The balancing act too between what constitutes leisure and what "job worthy"
creative expression/exploration is a fascinating gray zone. Previous works
programs did find interesting uses for artists, writers, photographers, etc.
But building such "jobs" is to some degree bureaucratic red tape to the
creative spirit, and calling it a "job" tends to require progress tracking and
discourage creative failures. Similar too, entrepreneurship as a works program
"job" would discourage certain types of creative risks. UBI at least has the
theoretical hope of allowing people to explore creativity and entrepreneurship
outside of the limited job scopes than a works planner might be able to
imagine to measure if someone is "working" their "basic job" "well".

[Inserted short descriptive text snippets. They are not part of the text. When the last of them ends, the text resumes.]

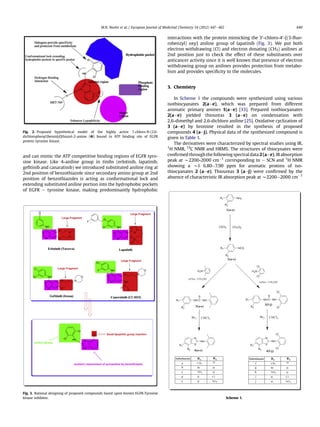 and can mimic the ATP competitive binding regions of EGFR tyro-
sine kinase. Like 4-aniline group in tinibs (erlotinib, lapatinib,
geﬁtinib and canaratinib) we introduced substituted aniline ring at
2nd position of benzothiazole since secondary amino group at 2nd
position of benzothiazoles is acting as conformational lock and
extending substituted aniline portion into the hydrophobic pockets
of EGFR e tyrosine kinase, making predominantly hydrophobic
interactions with the protein mimicking the 30-chloro-40-[(3-ﬂuo-
robenzyl) oxy] aniline group of lapatinib (Fig. 3). We put both
electron withdrawing (Cl) and electron donating (CH3) anilines at
2nd position just to check the effect of these substituents over
anticancer activity since it is well known that presence of electron
withdrawing group on anilines provides protection from metabo-
lism and provides speciﬁcity to the molecules.
3. Chemistry
In Scheme 1 the compounds were synthesized using various
isothiocyanates 2(aee), which was prepared from different
aromatic primary amines 1(aee) [33]. Prepared isothiocyanates
2(aee) yielded thioureas 3 (aee) on condensation with
2,6-dimethyl and 2,6-dichloro aniline [25]. Oxidative cyclization of
3 (aee) by bromine resulted in the synthesis of proposed
compounds 4 (aej). Physical data of the synthesized compound is
given in Table 1.
The derivatives were characterized by spectral studies using IR,
1
H NMR, 13
C NMR and HRMS. The structures of thiocynates were
conﬁrmed through the following spectral data 2 (aee). IR absorption
peak at w2200-2000 cmÀ1
corresponding to e SCN and 1
H NMR
showing a wd 6.80e7.90 ppm for aromatic protons of iso-
thiocyanates 2 (aee). Thioureas 3 (aej) were conﬁrmed by the
absence of characteristic IR absorption peak at w2200e2000 cmÀ1
Fig. 3. Rational designing of proposed compounds based upon known EGFR-Tyrosine
kinase inhibitor.
Fig. 2. Proposed hypothetical model of the highly active 7-chloro-N-(2,6-
dichlorophenyl)benzo[d]thiazol-2-amine (4i) bound to ATP binding site of EGFR
protein tyrosine kinase.
Scheme 1.
M.N. Noolvi et al. / European Journal of Medicinal Chemistry 54 (2012) 447e462 449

[1] Pardon the overlapping secular connotation/religious denotation here, but
that intentional dissonance perhaps best illustrates the point. Admittedly,
there are still plenty of religious groups that feel that life without work is
indeed sinful in a religious sense (what remains of the Pennsylvania
Dutch/Amish/Quakers/Shakers/etc), but from a separation of church/state
perspective that is all the more reason not to legislate whether or not
leisure is a sin in a secular sense. (Leisure can be a great liberty; Thomas
Jefferson made sure to add "the pursuit of happiness" to the Declaration of
Independence for multiple reasons.)